I am not a driving instructor, but in my modest opinion driving is about keeping the car balanced and under control, which can only be achieved through smoothness.

How smooth can it be to slow down a car by downshifting without the appropriate use of the breaks? How does it feel when you do so as oposed to applying appropriate pressure to the brake and then downshifting? In the same lines, how balanced would your car be if you only usedthe brakes and didn't downshift for appropriate revs and acceleration / can any car in 5th gear at 1200 rpms honestly be considered balanced or under control in any situation?

As for me, based on Porsche's heritage and reputation, I would find it unnaceptable that they would build anything or add any parts to their cars that would prevent a perfectly balanced drive by a resonably skilled driver - which inevitably include efficient, smooth braking...

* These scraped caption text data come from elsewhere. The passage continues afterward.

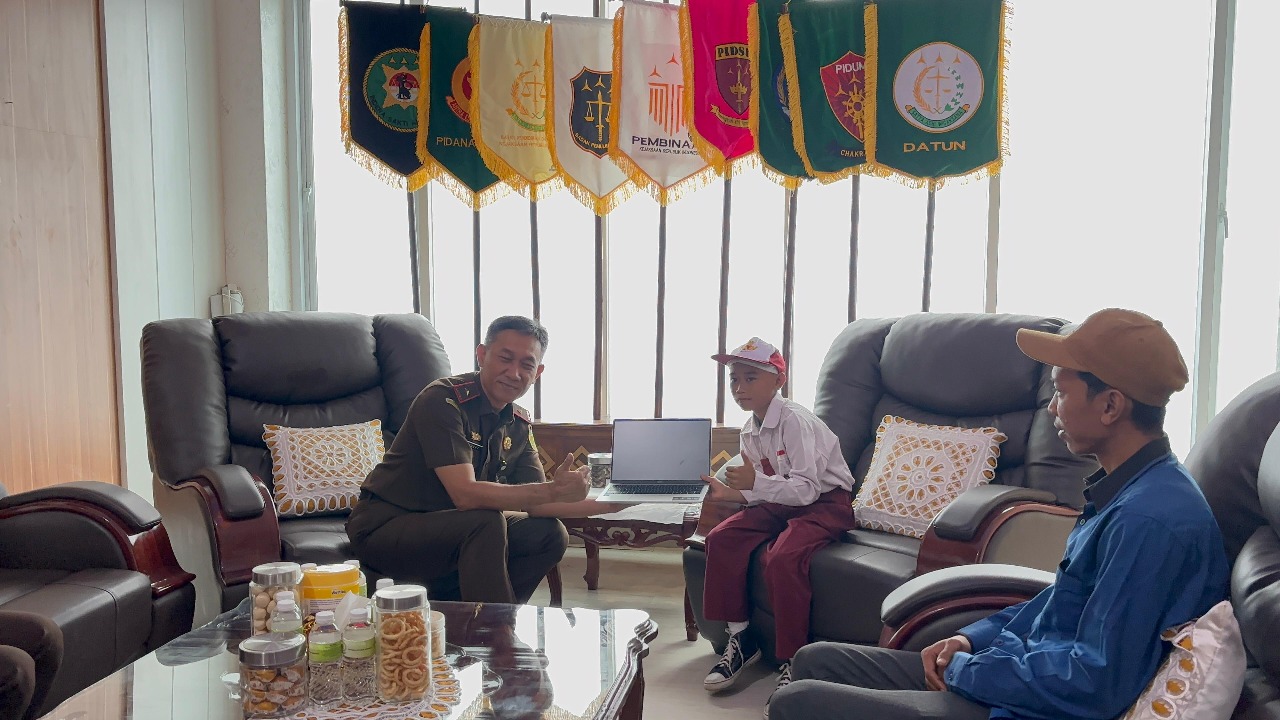 Kajati Lampung Hadiahi Laptop Untuk Raihan 'Pahlawan' Cilik HUT RI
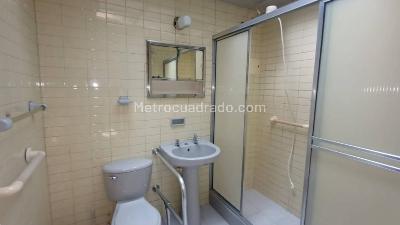Casa de 4 alcobas en arriendo en La Castellana, Bogotá, 269 m² · foto 3 de 20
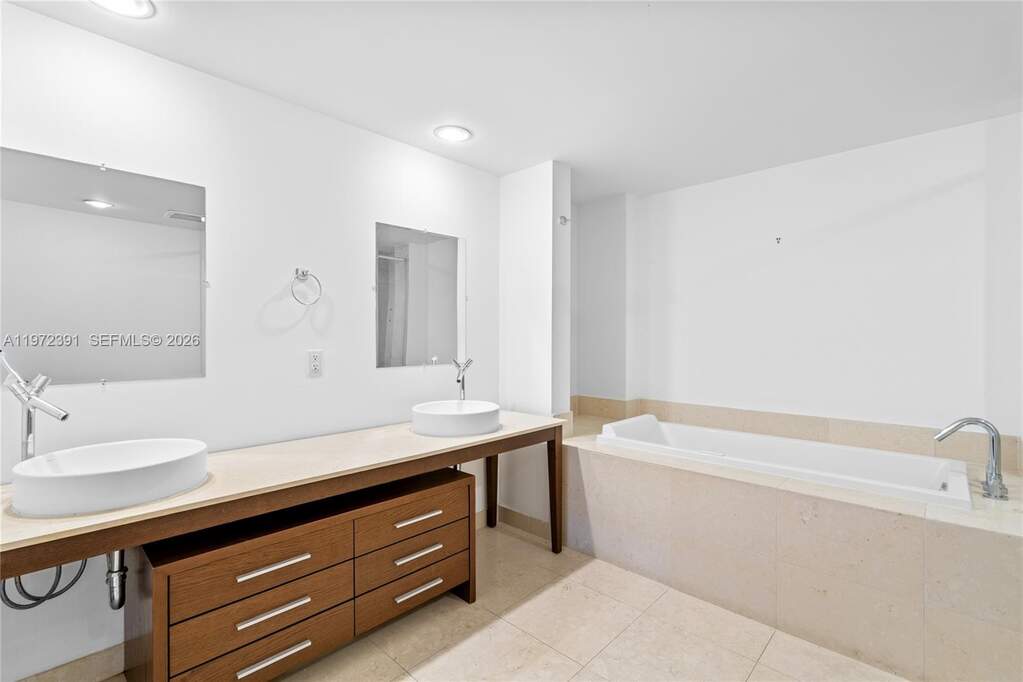 2 Bedroom Apartment/Flat's Image 30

Just some humble (not so technical) thoughts,

Best,

Gustavo

Posted

look, we're not going to agree on this subject and i am tired of this 'battle of wits' with you. let's agree to disagree. you are a worthy opponent. but for the record, i did not resort to personal insults or ad hominem attacks. as i mentioned before, you have a way with words.

please drive safely. ^_^

Chris, I agree we agree to disagree on this subject but i am sincerly sorry if you feel i have personally insulted you in my posts, I did say "Your world" as a tongue in cheek comment - i assume this is where you may feel insulted.

You may have guessed, i do like lively debate but i do appologise for any offence taken - i will be more careful in future.